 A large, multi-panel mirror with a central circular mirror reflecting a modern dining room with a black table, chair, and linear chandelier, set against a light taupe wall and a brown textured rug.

**********

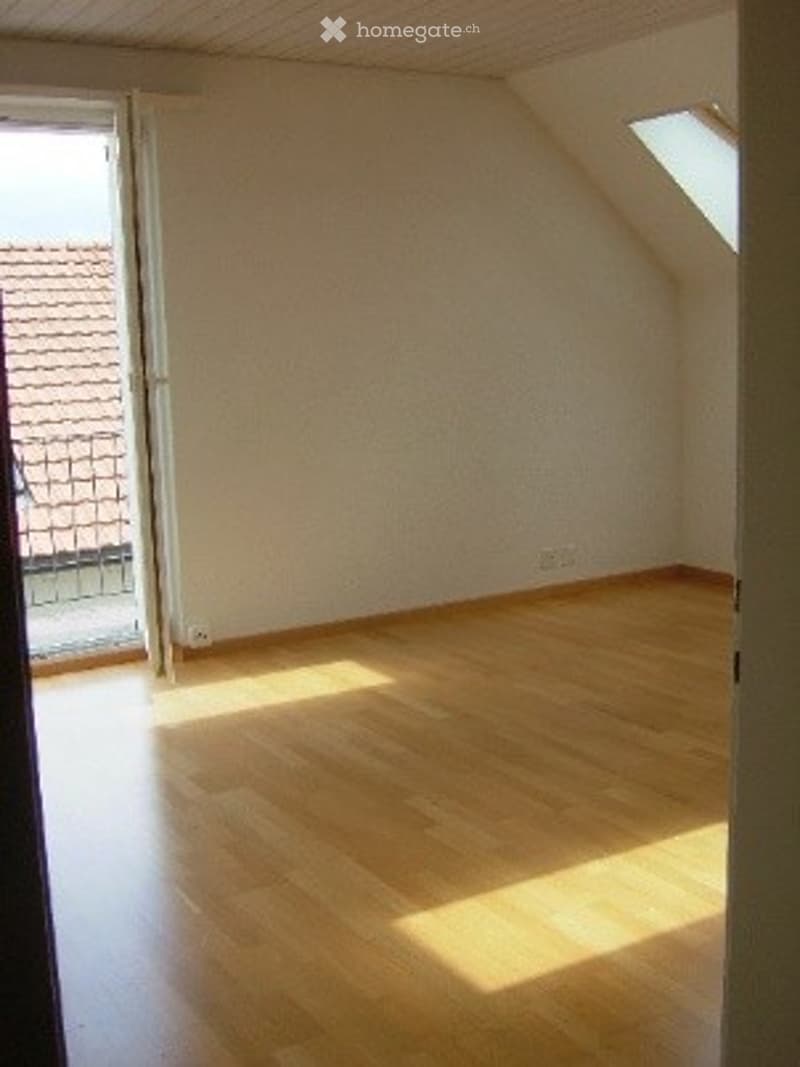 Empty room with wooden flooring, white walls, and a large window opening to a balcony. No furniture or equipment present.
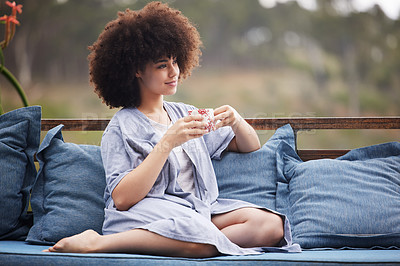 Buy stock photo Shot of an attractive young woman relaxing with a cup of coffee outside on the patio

**********

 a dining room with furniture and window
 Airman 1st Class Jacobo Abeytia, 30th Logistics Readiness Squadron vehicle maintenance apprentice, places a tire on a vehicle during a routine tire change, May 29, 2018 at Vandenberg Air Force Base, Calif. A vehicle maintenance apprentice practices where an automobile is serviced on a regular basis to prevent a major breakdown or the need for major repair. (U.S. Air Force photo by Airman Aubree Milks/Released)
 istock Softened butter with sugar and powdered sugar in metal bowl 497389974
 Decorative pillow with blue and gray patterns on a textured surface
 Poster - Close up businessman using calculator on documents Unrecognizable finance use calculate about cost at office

**********

> TASK ITEM
Your reply is to be an exact repeat of the listing above from the line holding "Empty room with" down to the line holding "Buy stock photo", ends included, pictures excluded.

> ANSWER SECTION
 Empty room with wooden flooring, white walls, and a large window opening to a balcony. No furniture or equipment present.
 Buy stock photo Shot of an attractive young woman relaxing with a cup of coffee outside on the patio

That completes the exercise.